DATA:
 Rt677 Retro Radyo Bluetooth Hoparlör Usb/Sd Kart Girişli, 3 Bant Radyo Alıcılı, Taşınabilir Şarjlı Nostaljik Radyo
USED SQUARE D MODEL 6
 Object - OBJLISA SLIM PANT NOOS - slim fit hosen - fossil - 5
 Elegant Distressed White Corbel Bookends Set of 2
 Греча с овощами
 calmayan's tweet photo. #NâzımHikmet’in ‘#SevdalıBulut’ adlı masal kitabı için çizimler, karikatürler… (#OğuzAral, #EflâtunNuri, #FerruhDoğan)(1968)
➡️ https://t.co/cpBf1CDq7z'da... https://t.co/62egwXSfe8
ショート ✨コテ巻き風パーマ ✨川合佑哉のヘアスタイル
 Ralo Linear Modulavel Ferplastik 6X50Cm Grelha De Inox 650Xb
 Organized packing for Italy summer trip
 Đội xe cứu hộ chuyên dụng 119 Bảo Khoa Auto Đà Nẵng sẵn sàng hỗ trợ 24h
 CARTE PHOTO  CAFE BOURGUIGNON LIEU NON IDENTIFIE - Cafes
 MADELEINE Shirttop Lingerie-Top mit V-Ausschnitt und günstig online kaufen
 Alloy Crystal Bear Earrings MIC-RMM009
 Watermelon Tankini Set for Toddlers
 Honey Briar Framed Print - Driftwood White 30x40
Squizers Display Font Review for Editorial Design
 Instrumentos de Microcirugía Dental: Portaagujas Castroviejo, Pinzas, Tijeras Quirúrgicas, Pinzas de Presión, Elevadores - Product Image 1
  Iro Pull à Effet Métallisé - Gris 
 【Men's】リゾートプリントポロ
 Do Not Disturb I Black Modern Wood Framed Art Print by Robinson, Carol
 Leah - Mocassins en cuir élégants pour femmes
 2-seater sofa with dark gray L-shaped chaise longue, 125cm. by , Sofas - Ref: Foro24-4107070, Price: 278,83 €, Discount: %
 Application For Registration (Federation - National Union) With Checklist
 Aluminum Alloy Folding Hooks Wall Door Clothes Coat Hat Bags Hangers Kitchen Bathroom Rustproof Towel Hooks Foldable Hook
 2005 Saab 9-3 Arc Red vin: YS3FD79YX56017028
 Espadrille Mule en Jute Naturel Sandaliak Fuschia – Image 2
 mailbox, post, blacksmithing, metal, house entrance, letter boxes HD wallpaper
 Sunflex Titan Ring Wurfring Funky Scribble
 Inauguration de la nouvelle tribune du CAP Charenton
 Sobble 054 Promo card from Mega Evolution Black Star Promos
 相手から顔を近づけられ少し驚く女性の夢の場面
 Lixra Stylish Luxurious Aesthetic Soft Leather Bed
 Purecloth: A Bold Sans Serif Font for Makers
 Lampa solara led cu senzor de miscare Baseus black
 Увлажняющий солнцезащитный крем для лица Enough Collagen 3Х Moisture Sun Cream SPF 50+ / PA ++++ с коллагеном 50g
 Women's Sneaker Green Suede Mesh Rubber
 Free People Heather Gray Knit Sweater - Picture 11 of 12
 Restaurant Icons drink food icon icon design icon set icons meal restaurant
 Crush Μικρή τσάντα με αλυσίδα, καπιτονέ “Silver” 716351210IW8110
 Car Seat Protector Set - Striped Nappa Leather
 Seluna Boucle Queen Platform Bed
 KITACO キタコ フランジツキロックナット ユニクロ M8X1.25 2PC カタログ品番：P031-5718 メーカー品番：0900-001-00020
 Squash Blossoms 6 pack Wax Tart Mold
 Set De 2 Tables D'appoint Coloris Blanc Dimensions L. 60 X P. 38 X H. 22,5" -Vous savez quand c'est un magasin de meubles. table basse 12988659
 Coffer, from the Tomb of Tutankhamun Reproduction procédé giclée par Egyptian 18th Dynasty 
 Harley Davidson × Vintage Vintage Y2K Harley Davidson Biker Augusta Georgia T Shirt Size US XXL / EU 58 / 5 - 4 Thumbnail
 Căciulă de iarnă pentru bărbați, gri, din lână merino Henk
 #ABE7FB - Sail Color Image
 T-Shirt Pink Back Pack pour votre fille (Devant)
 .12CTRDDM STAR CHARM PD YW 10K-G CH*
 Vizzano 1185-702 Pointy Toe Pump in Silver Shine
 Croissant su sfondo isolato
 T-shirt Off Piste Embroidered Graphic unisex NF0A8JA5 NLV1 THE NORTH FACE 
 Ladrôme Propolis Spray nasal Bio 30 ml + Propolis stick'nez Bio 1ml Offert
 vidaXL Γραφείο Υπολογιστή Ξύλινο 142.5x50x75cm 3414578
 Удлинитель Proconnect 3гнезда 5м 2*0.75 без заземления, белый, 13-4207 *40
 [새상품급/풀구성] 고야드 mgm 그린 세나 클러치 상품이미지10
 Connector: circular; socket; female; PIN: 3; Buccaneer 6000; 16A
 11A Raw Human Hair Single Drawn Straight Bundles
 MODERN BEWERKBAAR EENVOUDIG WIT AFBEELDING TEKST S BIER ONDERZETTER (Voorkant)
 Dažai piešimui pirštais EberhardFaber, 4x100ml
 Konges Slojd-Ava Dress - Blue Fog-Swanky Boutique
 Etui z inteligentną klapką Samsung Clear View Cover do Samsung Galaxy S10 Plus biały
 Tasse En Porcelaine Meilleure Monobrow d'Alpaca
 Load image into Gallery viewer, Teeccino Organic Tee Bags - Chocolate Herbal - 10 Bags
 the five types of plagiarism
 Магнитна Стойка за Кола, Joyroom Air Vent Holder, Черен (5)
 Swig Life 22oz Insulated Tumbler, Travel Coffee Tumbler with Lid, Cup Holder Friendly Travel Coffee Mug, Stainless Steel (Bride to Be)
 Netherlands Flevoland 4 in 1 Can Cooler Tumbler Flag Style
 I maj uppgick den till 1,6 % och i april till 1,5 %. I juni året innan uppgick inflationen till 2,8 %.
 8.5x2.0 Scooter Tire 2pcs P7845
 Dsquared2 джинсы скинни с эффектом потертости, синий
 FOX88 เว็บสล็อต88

WHAT YOU HAVE TO DO: Go through the material and copy each line in which the word "from" occurs.

SOLUTION TO THIS PROBLEM:
 Sobble 054 Promo card from Mega Evolution Black Star Promos
 Coffer, from the Tomb of Tutankhamun Reproduction procédé giclée par Egyptian 18th Dynasty 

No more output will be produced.